Buying somebody else’s modified car is a roll of the dice. On the one hand, the odds are pretty good that corners have been cut, important steps skipped, and lower-quality parts used for the sake of a budget. On the other hand, some builds come from a well-known and respected professional shop, or from a perfectionist who spent so much time, attention and money that there’s almost nothing to nitpick.
At the end of the day, though, someone else’s build is done to someone else’s tastes and preferences, which never exactly match your own, no matter how nice it is. Such is the case with this spectacular restomodded, Honda-powered 1977 Toyota Celica.
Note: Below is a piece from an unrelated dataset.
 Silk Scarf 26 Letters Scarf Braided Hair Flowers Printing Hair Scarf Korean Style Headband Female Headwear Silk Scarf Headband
The car is hard to fault and easy to like, yet it sold for $64,050, not exactly chump change but surely far less than it cost to put together and another example of how hard it can be to gauge the restomod market.
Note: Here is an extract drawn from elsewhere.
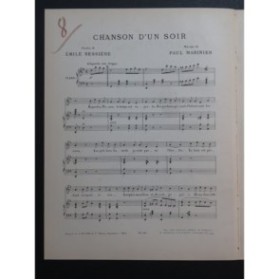 MARINIER Paul Chanson d'un Soir Chant Piano ca1898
Toyota introduced the Celica way back in 1970 (just a year after the 240Z) as a two-door, 2+2 coupe that offered driving fun and real-world practicality on a budget, sort of like a pony car in a more compact package. Indeed, the influence of American pony cars is obvious at first glance. The available hatchback version, dubbed the “Liftback” by Toyota, looks like a mini-Mach 1 Mustang. Proven passenger car mechanicals from the Toyota Carina kept costs down and reliability high, and the contemporary press praised it for being lively if not particularly fast.
Motor Trend called the Celica Liftback its Import Car of the Year in 1976, which speaks to the foundation of this build, but there is a lot less Celica underneath this ’77 coupe’s Nissan R34 Skyline GT-R Midnight Purple III paint than there used to be. Thoroughly and exquisitely reworked over years by the seller, who acquired it in 2010, it has a hefty list of mods to go through.
First is the work of art under the hood, a 2.2-liter F22C VTEC four and 6-speed manual from a Honda S2000, which has been fitted with Jenvey individual throttle bodies, J’s Racing tubular header, an a-Spec titanium muffler, and Koyo aluminum radiator. The instrument cluster and starter button also come from an S2000. Other additions include staggered-width custom-made 16-inch BBS RS wheels, Wilwood disc brakes, AccuAir suspension, polyurethane bushings, Addco sway bars, fiberglass bumpers, front and rear spoilers, fender flares, Bride bucket seats, Alcantara headliner and rear seats, NRG quick-release steering wheel, audio components from Kenwood, JL Audio and Audison, and the aforementioned Midnight Purple III paint. According to the seller in this video profiling the car, 98 percent of the bolts on the car are titanium, including the ones holding on the BBS wheels.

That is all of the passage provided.